I’d got round in one piece but more importantly my wife had done too. We’d finished in a very respectable time of just over 2 and a half hours too. This was a massive achievement for her and I was very proud. A couple of photos and a quick kiss and I was off again for another lap, this time on my own.
This time I lead it out. Feeling good I completed the first couple of miles in under 15 minutes before hitting a queue at the ‘mystery obstacle’. This would be a sign of things to come for this lap so I pushed the running sections hard and used the queuing time to recover. As I’d already done them once I used the bypass lanes at the birth canal and cry baby as the queues were just too big but I did everything else completing it fully. Much to my delight that included the island hopping (finally) and King of the swingers where ringing the bell came at a price as my entire right side slapped the water hard. It was worth it though!
I finished well under 2 hours, collected my yellow 4-6 headband and headed home after a great days work.
The following morning I was back again. This time the first wave was at the later start time of 9am which meant I made it without a rush. I was running with two team mates, Stephen and Jon. Both quite experienced obstacle course racers but neither had done a Tough Mudder before so anticipation was high.
As we got going my legs felt fine but my upper body was very tight. This was nothing I hadn’t felt and got through before but my left arm had a different pain. One I’d woken up with but was getting worse rather than better as I tried to stretch it out.
As each obstacle came I did my best to use my bad arm as little as possible and kept it straight while running. I knew I’d be ok the majority of the way round but as I got towards to end a lot more grip was required which would be the real test.
I fell in the water once more on the island hopping but cleared everything else without fair, then came King of the swingers again. I held on tight and swung out for the bell. I leg go in good time but just missed. This time however I managed to land in the water feet first. I truth I probably missed the bell because I was thinking about my landing a little too much but the most important thing was my arm had withstood the pressure and wasn’t any worse.
The biggest test of all still lied ahead though in the form of Funky Monkey. This was my favourite obstacle and one I was proud of completing on both attempts the previous day. I did not want to be hitting that water, especially not in front of my two team mates who I also coach. I let them go first and they both fell in which put my mindset at ease a little but I was still determined to get across. I moved through the monkey bars without a problem, successfully made the transition to the trapeze then on to the horizontal poles. I felt strong. I was working less on speed and more on technique which seemed to be helped and to my relief I made to across to complete a creditable hatrick.

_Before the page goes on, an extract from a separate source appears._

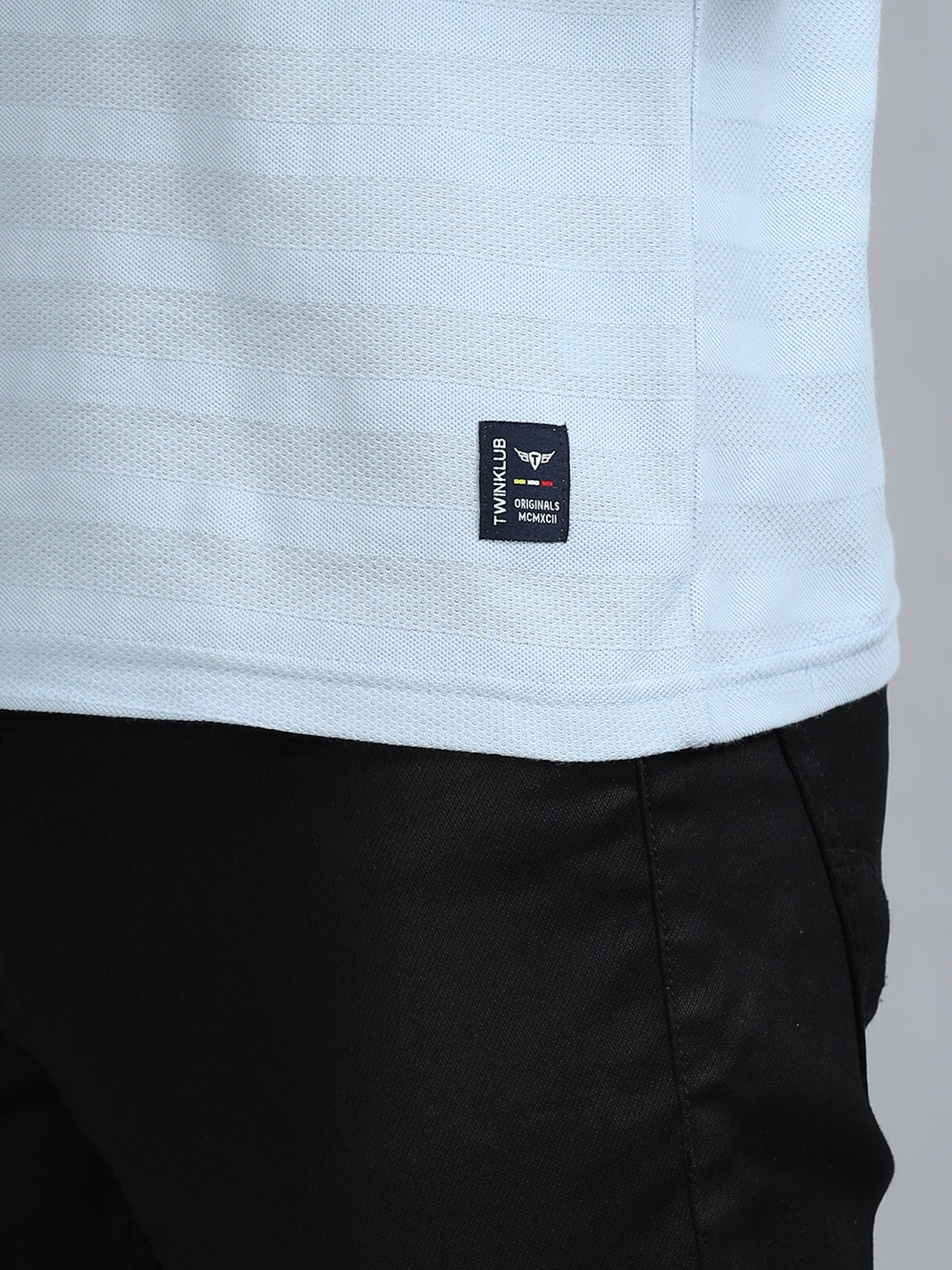 Mens Premium SIGNATURE JACQUARD ROUNDNECKS - RIPPLE BLUE TK738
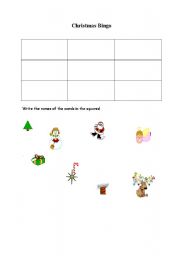 English worksheet: Christmas Bingo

This gave me some renewed hope but I could feel the problem hadn’t gone away and as I’d almost made up my mind that I wasn’t going to risk doing another lap Stephen fell on Everest and pulled his hamstring. He was struggling to walk let along run meaning a slow last mile just to make sure he could finish.
We still made it in just under 2 and a half hours and somehow I still managed to complete Dead Ringer for a third time but the finally wave of the day was just about to go. I could have just made it but aired on the side of caution with my biggest challenge of the year, Endure 24 less that two weeks away.
It had still been an awesome weekends running with some great people and completing 34 miles of tough obstacle course. The real positive was that my legs felt great. I’ll have to wait to get that pink 7-9 headband for now. But will be aiming for four laps again next year to take me to 10 Tough Mudders earning me the rare 10 x black band.